After improper anaphora resolution

Anaphora resolution usually refers to pronouns. But we face here a special case of anaphora resolution that relates to an adjective. The following sentence: ‘un vase de Chine authentique’ (an authentic vase of China) is translated erroneously as un vasu di China autentica, due to erroneous anaphora resolution. In this sample, the adjective ‘authentique’ refers to ‘vase’ (English: vase) and not to ‘Chine’ (China).

The same goes for ‘une chanson du Portugal mythique’, where ‘mythique’ refers to ‘chanson’ and not to ‘Portugal’.

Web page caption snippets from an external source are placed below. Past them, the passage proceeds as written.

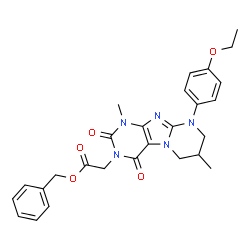 ChemSpider 2D Image | Benzyl [9-(4-ethoxyphenyl)-1,7-dimethyl-2,4-dioxo-1,4,6,7,8,9-hexahydropyrimido[2,1-f]purin-3(2H)-yl]acetate | C27H29N5O5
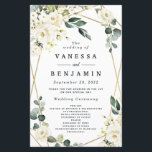 Elegant Gold Geometric Floral Wedding Programs<br><div class="desc">Template features an elegant printed gold colored geometric frame decorated with watercolor flowers in neutral shades, such as - white, ivory, champagne, and more. The floral elements consist of roses, peonies, hydrangea and baby's breath. This modern design also features greenery, eucalyptus, leaf elements and more for a very unique look...</div>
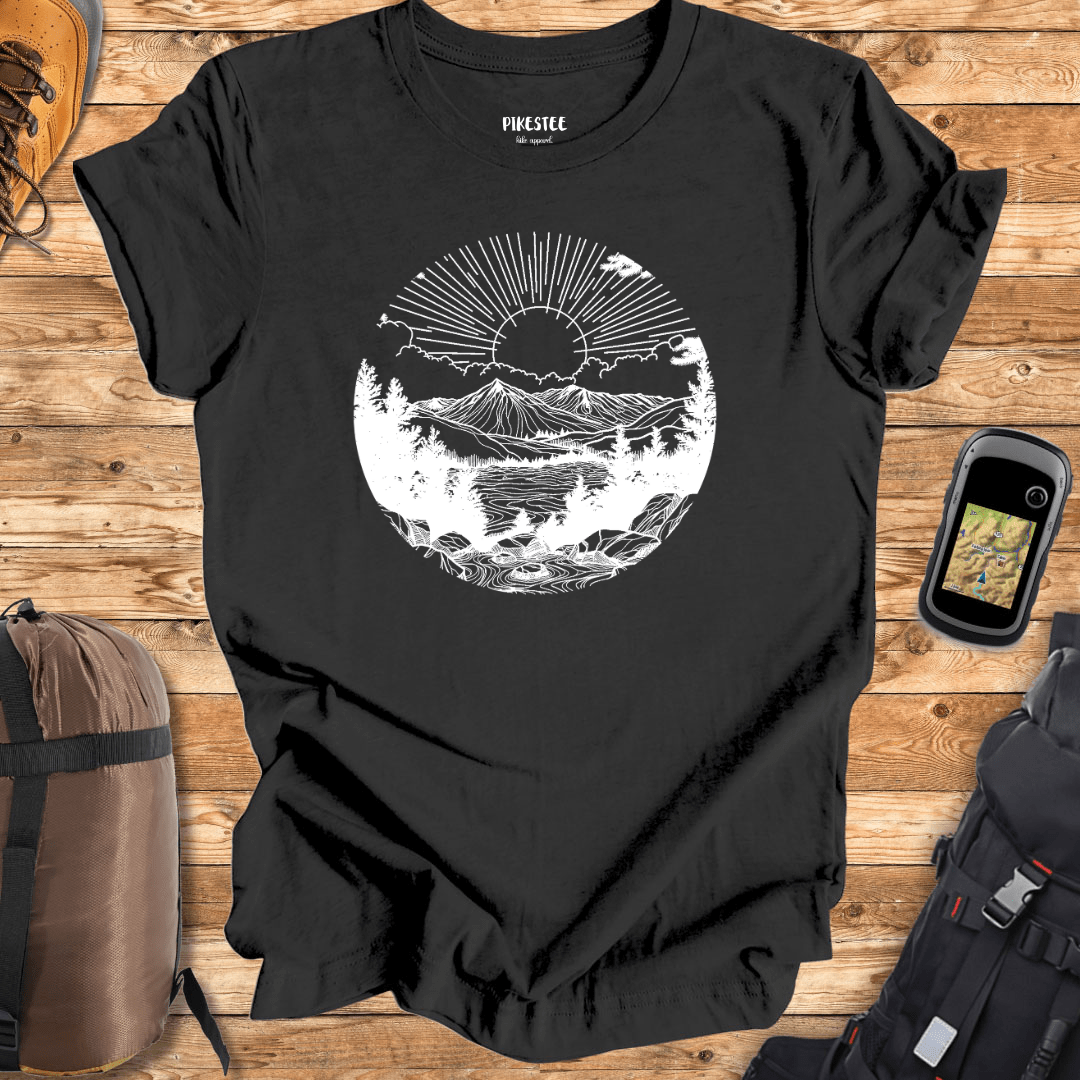 "Detailed Round Landscape" graphic T-shirt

After appropriate anaphora resolution

Four consecutive ambiguous words


Translating the following sentence: ‘ce fait est unique’ is not as easy as it could seem at first glance. In effect, it is made up of four consecutive ambiguous words:

  • ‘ce’: ‘ssu (demonstrative pronoun, this) or ciò (it, relative pronoun)
  • ‘fait’: fattu (masculine singular noun, fact), fattu (past participe, done) or faci (does, third person singular of the verb to do at the present tense)
  • ‘est’: estu (masculine singular noun, east) or (is, third person singular of the verb to be at the present tense)
  • ‘unique’: unicu (masculine singular adjective, unique in English) or unica (feminine singular adjective, unique in English)

What are the conditions for a given endangered language to be a candidate for rule-based machine translation?

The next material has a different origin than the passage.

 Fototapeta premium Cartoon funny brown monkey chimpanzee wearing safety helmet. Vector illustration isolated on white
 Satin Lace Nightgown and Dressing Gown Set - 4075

What are the conditions for a given endangered language to be a candidate for rule-based machine translation? For a given endangered language to be a candidate for rule-based machine translation, some requirements are in order. There is notably need for:

  • a dictionary: some specialized lexicons are useful too
  • a list of locutions and their translation: to be more accurate what is needed are noun locutions, adjective locutions, adverbial locutions, verbal locutions and their translations in other language.
  • a detailed grammar (in any language): ideally, the grammar should be very detailed, mentioning notably irregular verbs, noun plurals, etc. Subjonctive, conditional tenses must also be accurately described.
  • in addition, elision rules, euphony rules, should also be described.
  • most importantly: a description of the main variants of the language and their differences. This is needed to handle what we can call the ‘variant problem’ (we shall say a bit more about this later): as an effect of diversity, endangered languages are often polynomic and come with variants. But translation must be coherent and a mix of several variants is not acceptable as a translation.

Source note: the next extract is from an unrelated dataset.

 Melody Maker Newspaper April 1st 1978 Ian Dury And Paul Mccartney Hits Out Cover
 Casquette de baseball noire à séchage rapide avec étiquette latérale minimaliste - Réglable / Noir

Let us mention that endangered languages are commonly associated with another language, being in a diglossia relationship one with another. To take an example, Corsican language is associated with French. So we consider the French-Corsican pair, and what is relevant is a French-Corsican. If we consider the sardinian gallurese language (‘gaddhuresu’), the relevant pair is Italian-Gallurese. Other relevant pairs are:

  • Italian-Sassarese
  • Italian-Sicilian
  • Italian-Venetian

Solving fivefold ambiguity: translation for French ‘poste’

French word ‘poste’ has (at least) fivefold ambiguity. For it can designate:

  • ‘poste’ (masculine singular noun) : postu, masculine singular noun (set, i.e. television set)
  • ‘poste’ (masculine singular noun): posta, feminine singular noun (position): erroneously translated as postu in the present case ; it should read a so posta
  • ‘poste’ (feminine singular noun) : posta, feminine singular noun (post office)
  • ‘poste’: impostu (from the verb impustà (‘poster’, to station o.s.) at singular first person)
  • ‘poste’: imposta (from the verb impustà (‘poster’, to station o.s.) at singular third person)

(However, it is more complex than that, since there is another sense of the verb ‘poster’ (to post/to mail).